Given data.
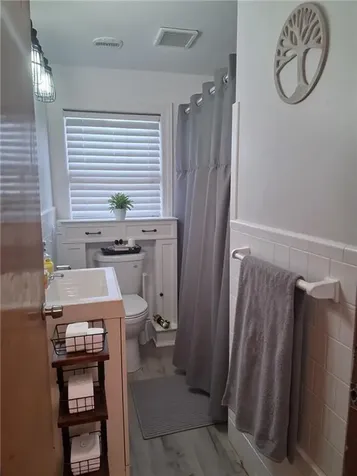 46 Bowen Street Cumberland RI 02864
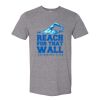 $20 Tee Special  Thumbnail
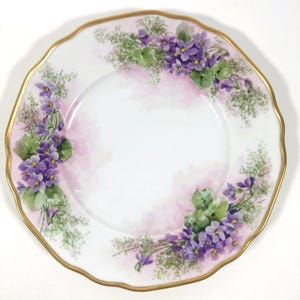 Augarten Porcelain Vienna Austria - Etsy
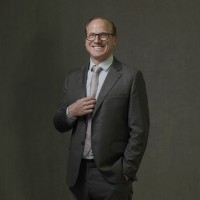 Seamless Distribution Systems AB Employee Nicolas Blixell's profile photo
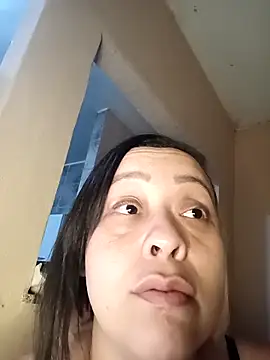 Preview of luabfly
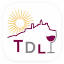 terres-de-lumiere.com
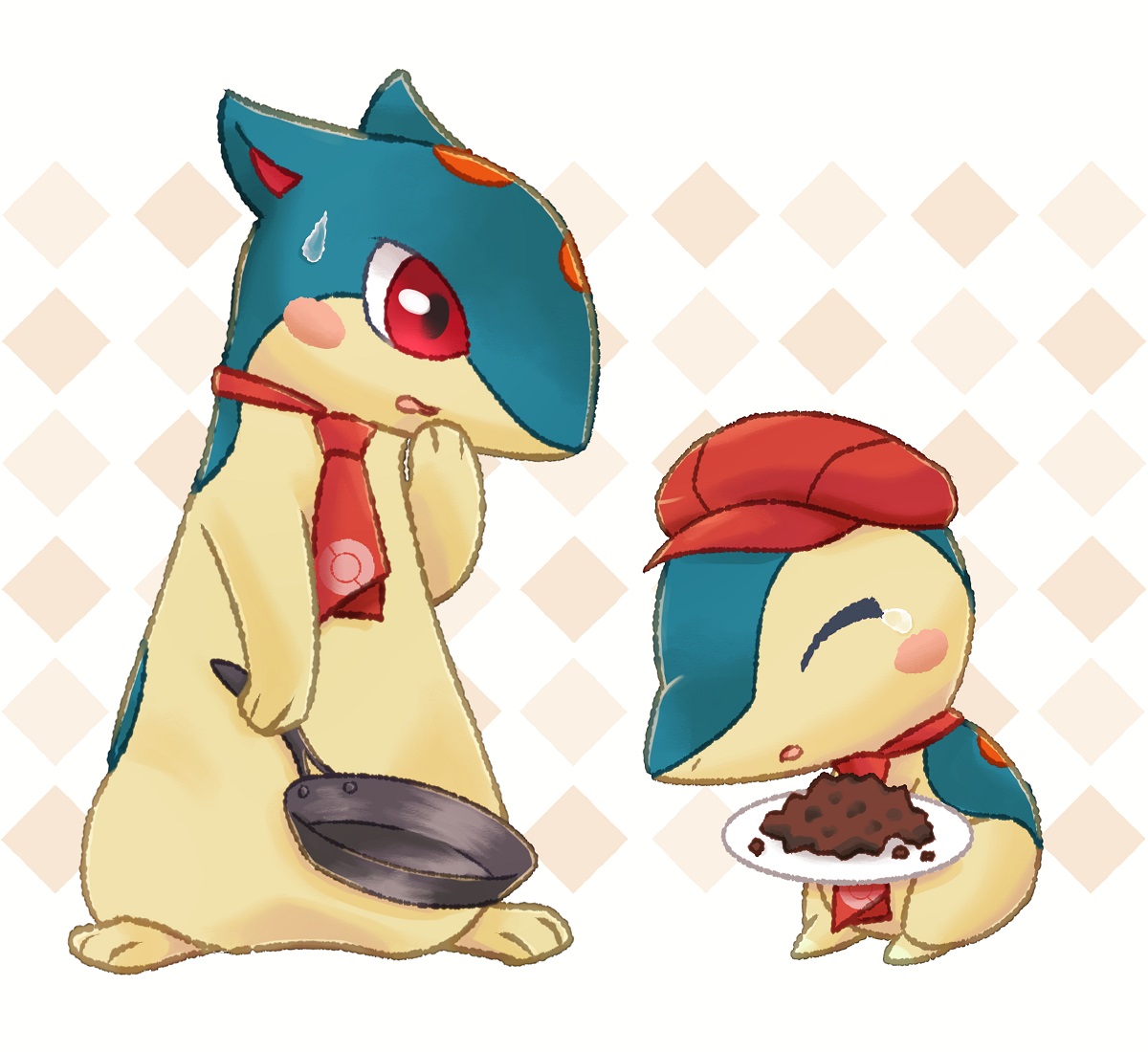 帶杓 義則 Y Obishaku Obi Tw Twitter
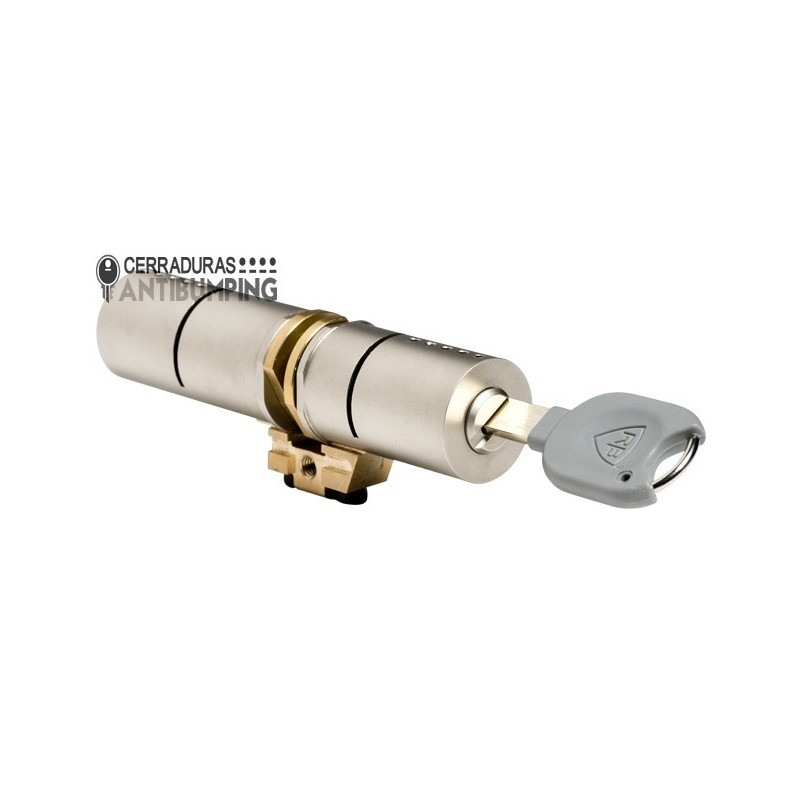 RB TRELOD - Cilindro para Fichet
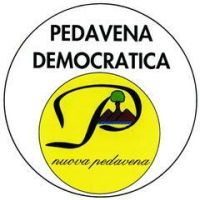 Pedavena democratica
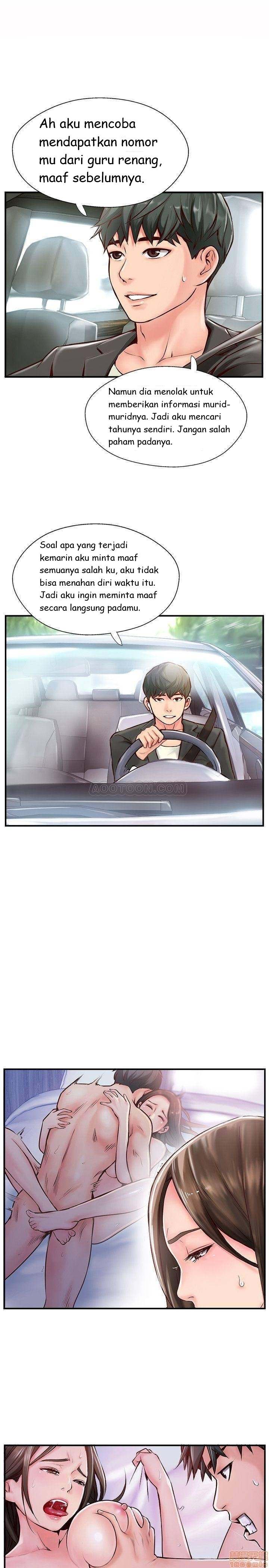 image-komik-komik-swinging-chapter-06-4/51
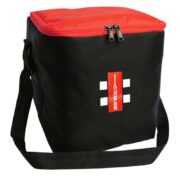 Gray Nicolls Cricket Ball Bag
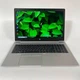 Ноутбук HP EliteBook 755 G5 15.6" FHD Ryzen 7 Pro 2700U/8GB RAM/256SSD Б/В - зображення 2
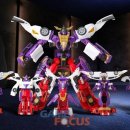 초이컴퍼니 이미지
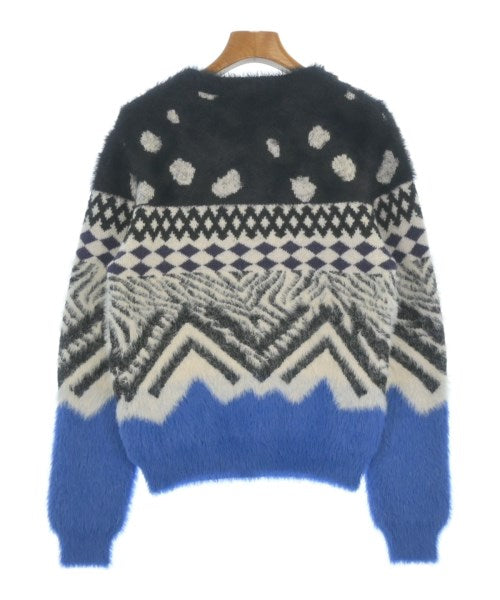 Desigual เสื้อกันหนาว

Problem requirements. Please print the data above once more, exactly and without images.

Exercise answer.
 46 Bowen Street Cumberland RI 02864
 $20 Tee Special  Thumbnail
 Augarten Porcelain Vienna Austria - Etsy
 Seamless Distribution Systems AB Employee Nicolas Blixell's profile photo
 Preview of luabfly
 terres-de-lumiere.com
 帶杓 義則 Y Obishaku Obi Tw Twitter
 RB TRELOD - Cilindro para Fichet
 Pedavena democratica
 image-komik-komik-swinging-chapter-06-4/51
 Gray Nicolls Cricket Ball Bag
 Ноутбук HP EliteBook 755 G5 15.6" FHD Ryzen 7 Pro 2700U/8GB RAM/256SSD Б/В - зображення 2
 초이컴퍼니 이미지
 Desigual เสื้อกันหนาว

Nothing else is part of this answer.